*About this task:* Although the records contain pictures, only their text should be reproduced, exactly as written.

*Data:*
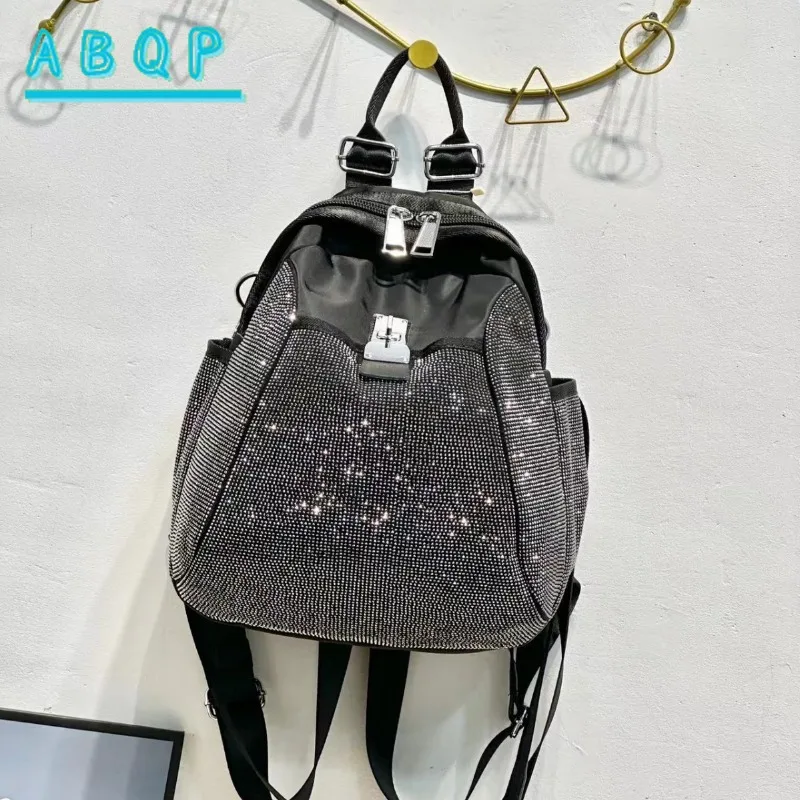 New Diamond-encrusted Backpack Fashionable Women’s Diamond-encrusted Backpack Fashionable Diamond-encrusted Shiny Backpack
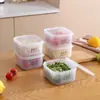 Caja de Almacenamiento para Cebolla, Jengibre y Ajo en el Refrigerador, Caja de Almacenamiento de Alimentos de Plástico para Cocina, Caja de Almacenamiento de Frutas y Verduras, Material de PP Transparente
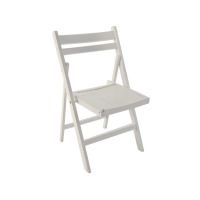 Chaise bois pliante blanche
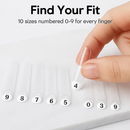 500Pcs False Nail Tips C Curve Half Cover French Nails Extra Long Fake Finger Nails For Nail Art Salons Home DIY 10 Sizes by LJGDeals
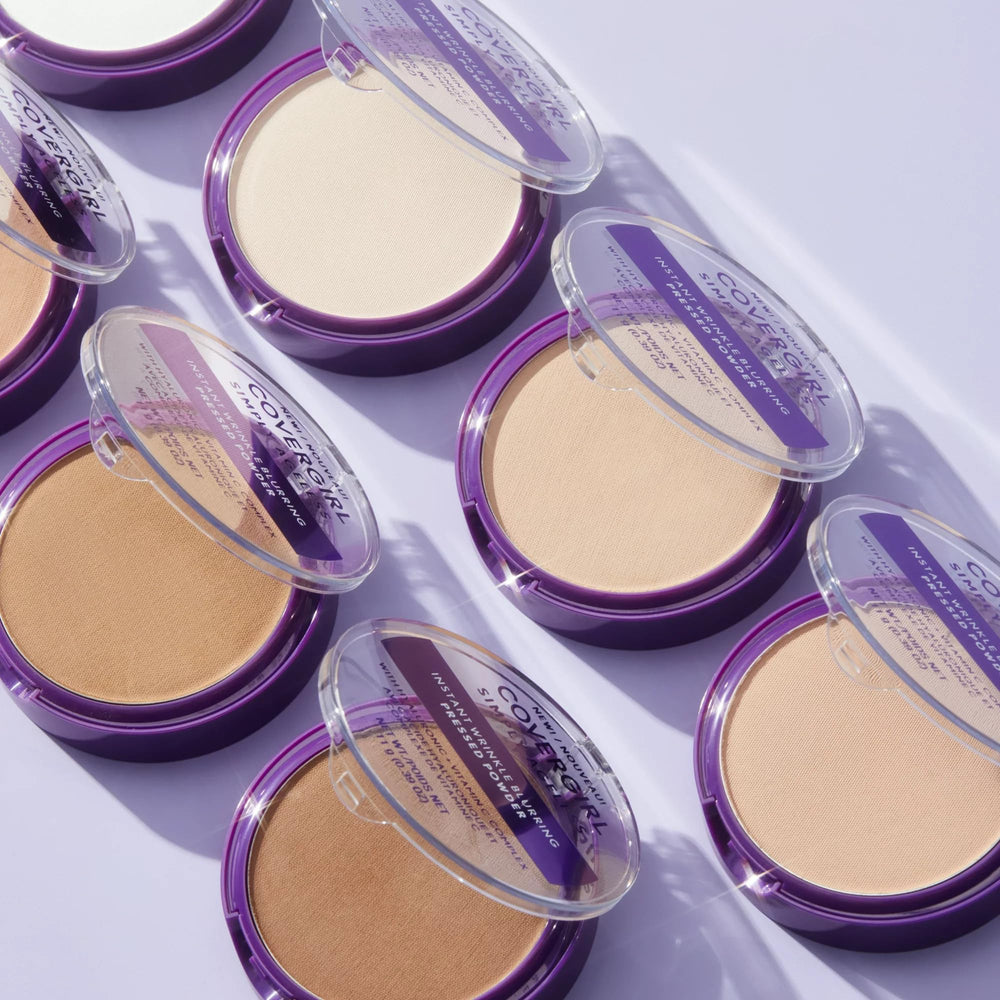 CoverGirl Simply Ageless polvo compacto, fijación diaria para retoques discretos.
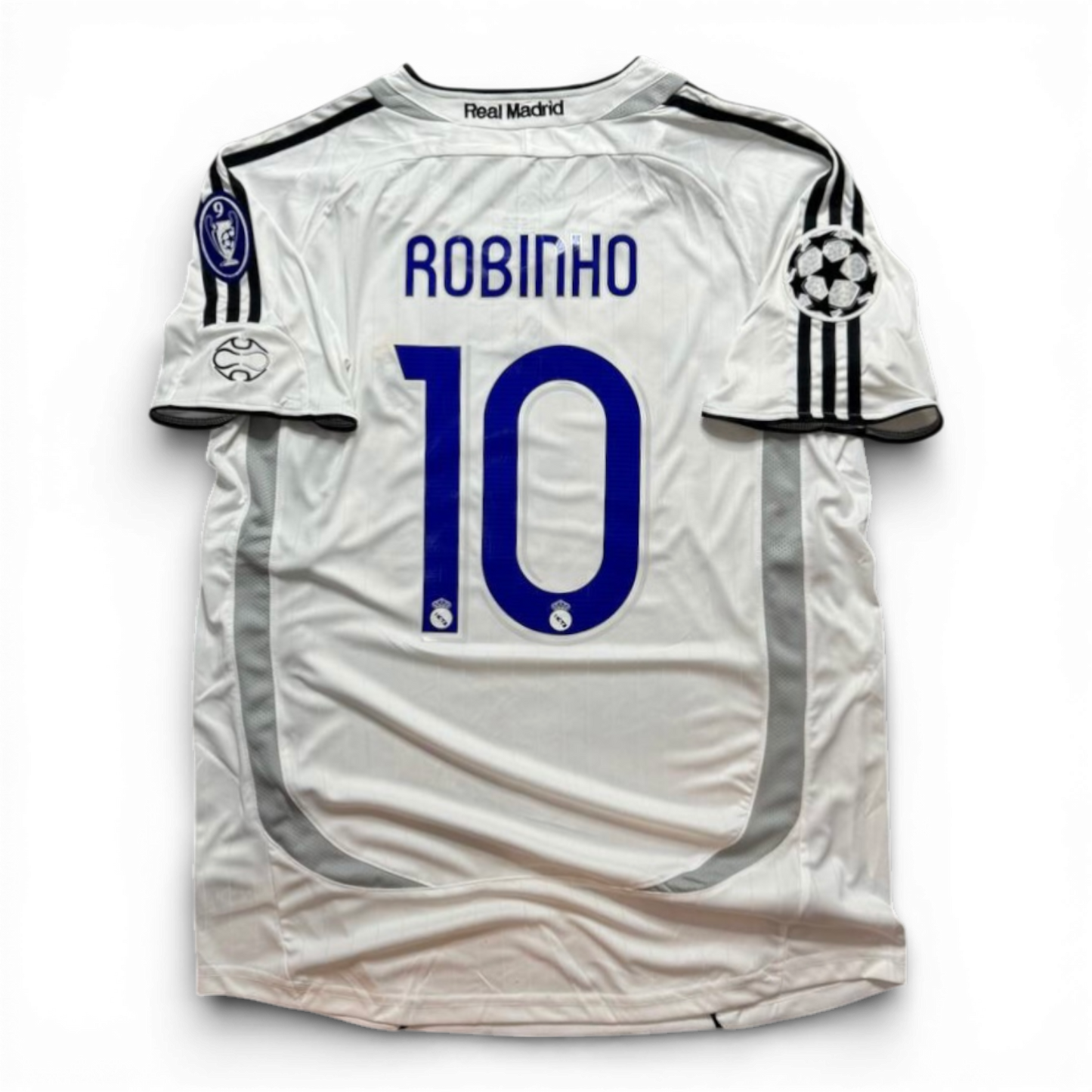 Real Madrid's home jersey. Season 06/07. Robinho Robson de Souza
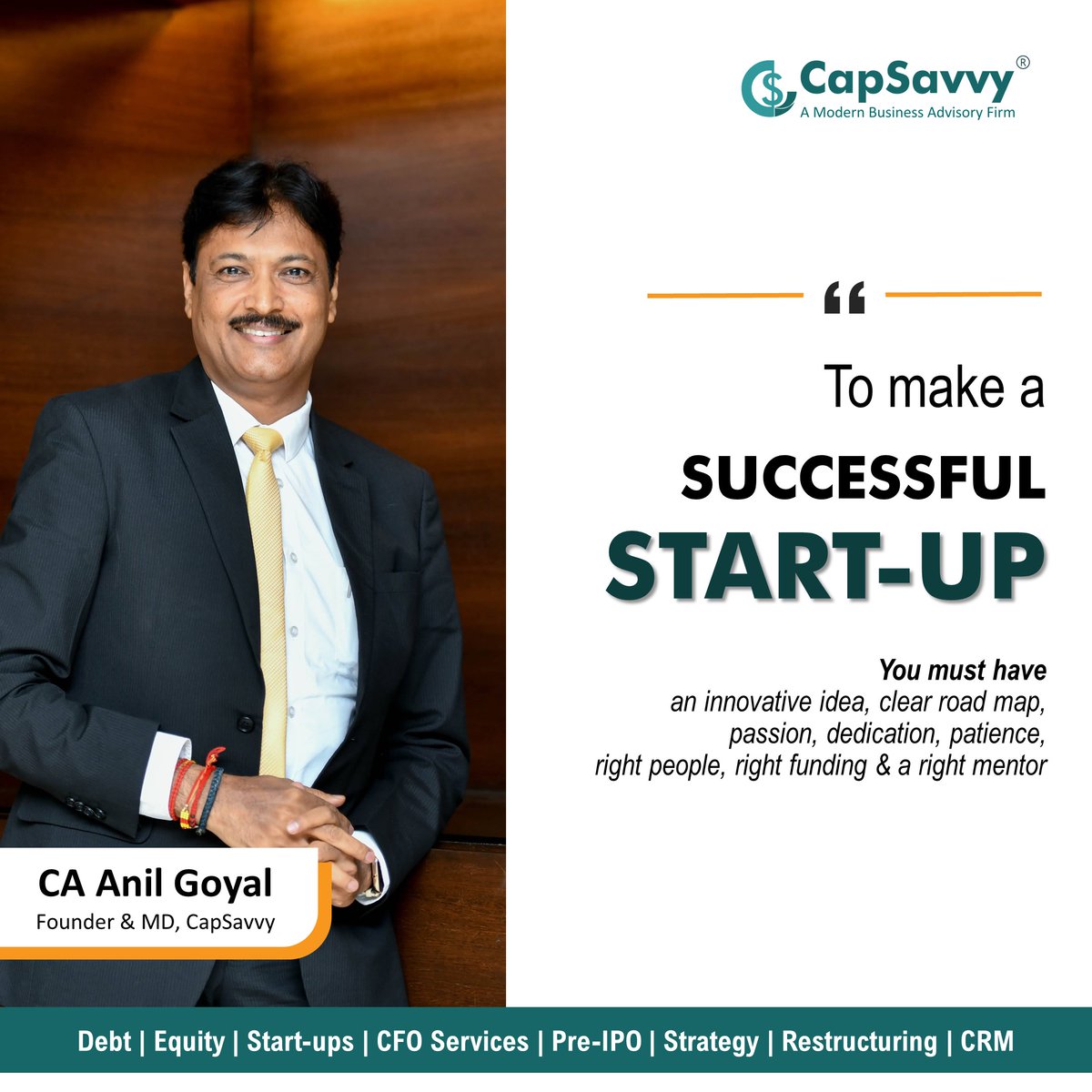 anilbgoyal's tweet photo. Business Quotes to Grow

"To make a successful start-up you must have an innovative idea, clear road map, passion, dedication, patience, right people, right funding &amp; a right mentor"

#businessquotes #successfulstartup #startupbusiness #entrepreneur #anilbgoyal #caanilgoyal https://t.co/QEubwibgvM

*Answer to this exercise:*
 New Diamond-encrusted Backpack Fashionable Women’s Diamond-encrusted Backpack Fashionable Diamond-encrusted Shiny Backpack
 Caja de Almacenamiento para Cebolla, Jengibre y Ajo en el Refrigerador, Caja de Almacenamiento de Alimentos de Plástico para Cocina, Caja de Almacenamiento de Frutas y Verduras, Material de PP Transparente
 Chaise bois pliante blanche
 500Pcs False Nail Tips C Curve Half Cover French Nails Extra Long Fake Finger Nails For Nail Art Salons Home DIY 10 Sizes by LJGDeals
 CoverGirl Simply Ageless polvo compacto, fijación diaria para retoques discretos.
 Real Madrid's home jersey. Season 06/07. Robinho Robson de Souza
 anilbgoyal's tweet photo. Business Quotes to Grow

"To make a successful start-up you must have an innovative idea, clear road map, passion, dedication, patience, right people, right funding &amp; a right mentor"

#businessquotes #successfulstartup #startupbusiness #entrepreneur #anilbgoyal #caanilgoyal https://t.co/QEubwibgvM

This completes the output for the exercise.